So you’ve got a bunch of equity in your home and you’d like to deploy it to purchase an investment property. Should you utilize a HELOC – Home Equity Line of Credit or Cash-Out Refinance? Let’s compare!
A refinance is essentially a new fixed-rate loan that replaces your existing mortgage, if you have one. When refinancing, you have the option to do a cashout refinance, which means taking out equity above what your current mortgage balance is. The formula to estimate how much equity you have to take out is generally 80% of your current home’s value minus the current mortgage balance. This is because most lenders will only allow you to refinance up to 80% of your home’s value. This equity is taken out and you can use it however you wish. The benefit of a refinance is that it is a fixed rate, meaning your payments will remain the same going forward for the entire period of the loan. However, you will need to pay a closing cost again, similar to when you first purchased your home. So it can be expensive.
A HELOC is similar to a credit card where you have a line of credit available to you. You’ll only be charged what you use. And if you pay it back down, then you have more credit to use again. However, the interest rate is variable, meaning that your payments could go up drastically if the rates increase. However, some HELOCs offer low teaser rates to get you in the door. A HELOC is much less expensive to set up than a refinance. Typically you will only be charged an appraisal and maybe a small fee for setting up the HELOC. Unlike a refinance, you will not pay closing fees again. A HELOC sits as a second-position lien behind your primary mortgage and is also typically only available for 10 years. At that point, it will need to be paid off or switched to a fixed loan.

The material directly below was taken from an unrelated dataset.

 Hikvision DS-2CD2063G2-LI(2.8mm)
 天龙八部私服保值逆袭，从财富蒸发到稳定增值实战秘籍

So back to the original question? Which one should you use as an investor? If you’re doing a short-term investment like a flip or a BRRRR, where you can quickly get your money back out and pay off the loan, then you should probably consider a HELOC. On the other hand, if you plan on picking up a property that you will hold for more than 5 years, I would recommend a cash-out refinance so that you have the comfort of having a fixed interest rate and fixed payments going forward for the life of the loan.